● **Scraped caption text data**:
"""

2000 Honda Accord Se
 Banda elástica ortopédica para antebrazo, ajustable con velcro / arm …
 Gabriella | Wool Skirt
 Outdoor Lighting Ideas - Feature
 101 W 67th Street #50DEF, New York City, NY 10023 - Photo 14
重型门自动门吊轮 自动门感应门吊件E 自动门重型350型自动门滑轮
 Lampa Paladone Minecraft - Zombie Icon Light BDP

"""

● **What the task requires**: Print only the lines from the one with "Outdoor Lighting Ideas - Feature" to the end of the records, both included.

● **Output of the task**:
 Outdoor Lighting Ideas - Feature
 101 W 67th Street #50DEF, New York City, NY 10023 - Photo 14
重型门自动门吊轮 自动门感应门吊件E 自动门重型350型自动门滑轮
 Lampa Paladone Minecraft - Zombie Icon Light BDP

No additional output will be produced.